Coluna estreia publicação de trechos exclusivos de obras no prelo. Leia um capítulo de 'Sobre a vida e o viver', baseado em aulas de professores americanos

Por Miroslav Volf, Ryan McAnnally-Linz e Matthew Croasmun (tradução: Ivanir Calado)*
30 jan 2024, 14h27

Até que ponto somos livres para moldar nossa vida? E quanta responsabilidade temos por ela?

Existe um jogo de baralho muito popular entre as crianças chamado jogo da guerra. No início da partida, você recebe cartas aleatórias. O mesmo acontece com todo mundo à mesa. Você não sabe quais são as suas cartas e também não pode ver as dos outros.

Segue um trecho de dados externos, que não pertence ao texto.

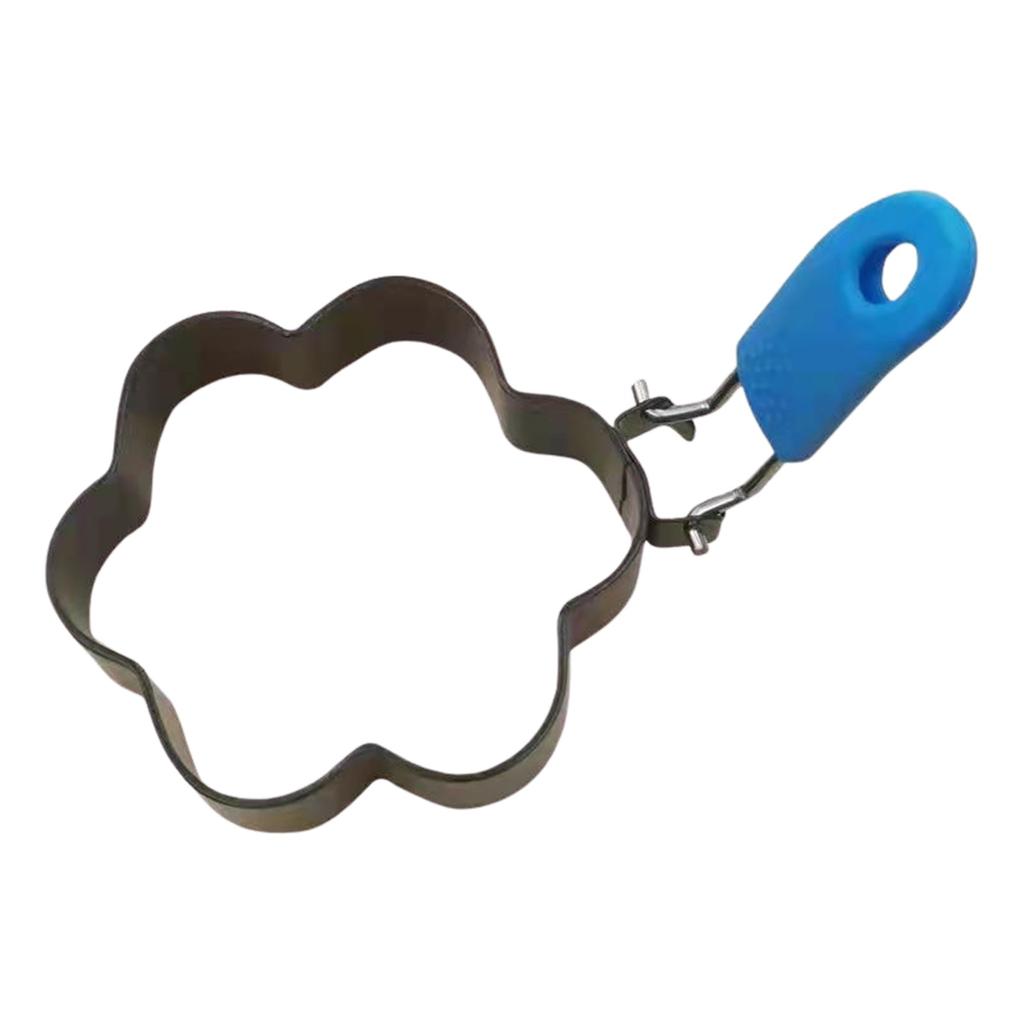 Egg Ring With Foldable Handle, Stainless Steel Heart Shaped Egg Rings For Frying Eggs, English Muffins, Cooking Breakfast Sandwich Burger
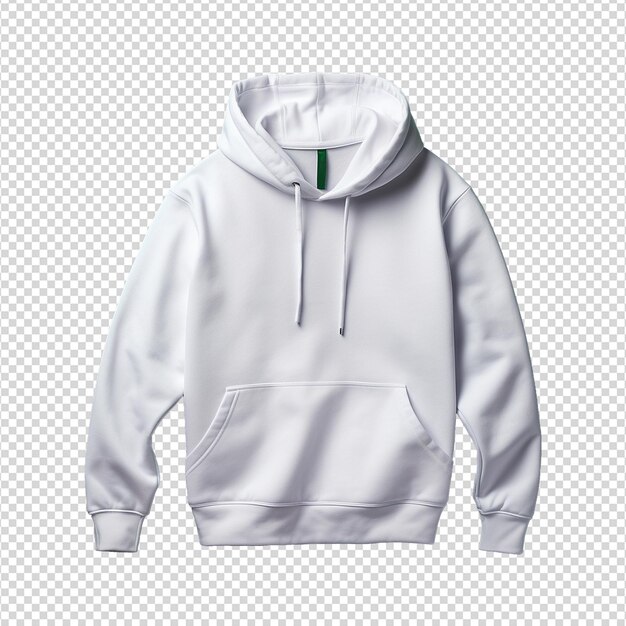 PSD capuz branco isolado em fundo transparente png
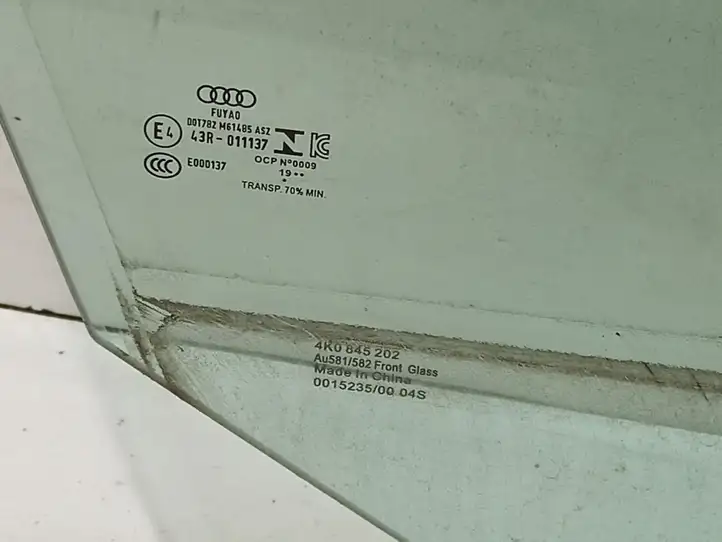 Audi A6 S6 C8 4K (2018 - ) 4K0845202 Стекло передней двери — фото 2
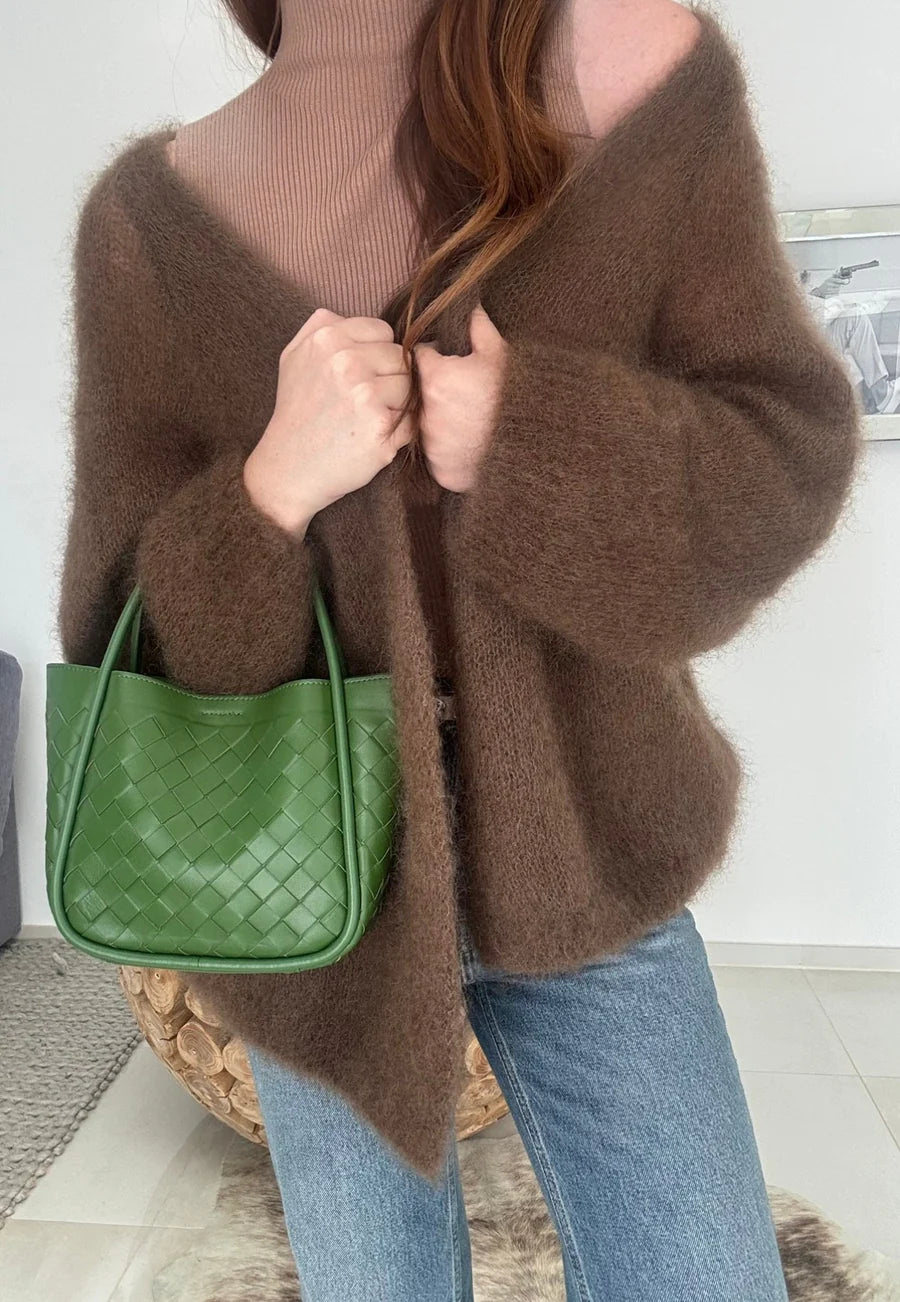 Mohair Cardigan - Schoko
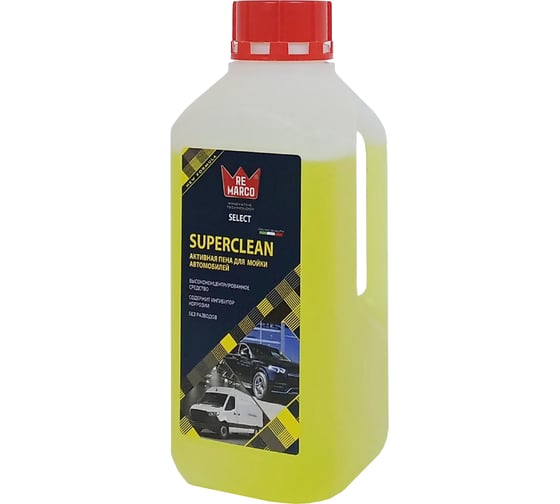 Автошампунь Re Marco Select для бесконтактной мойки SUPER CLEAN, 1 кг RM-941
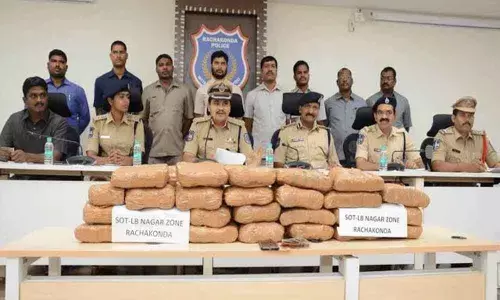 51kg of ganja seized in Hyderabad, 3 held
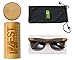 Bamboo Wood Sunglasses - One of a kind Polarized handmade frames from 4ESTShades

Cada jogador vira a carta de cima da sua pilha. Quem tirar a mais alta pega todas as cartas que foram viradas e as coloca na base da sua pilha. Se dois jogadores ou mais empatarem no valor da carta mais alta, eles viram outra… e outra… e outra… até que um deles mostre uma carta de valor mais alto.

O jogo continua – inexoravelmente, implacavelmente – até que um jogador tenha todas as cartas. Não existem decisões no jogo da guerra. Só um procedimento.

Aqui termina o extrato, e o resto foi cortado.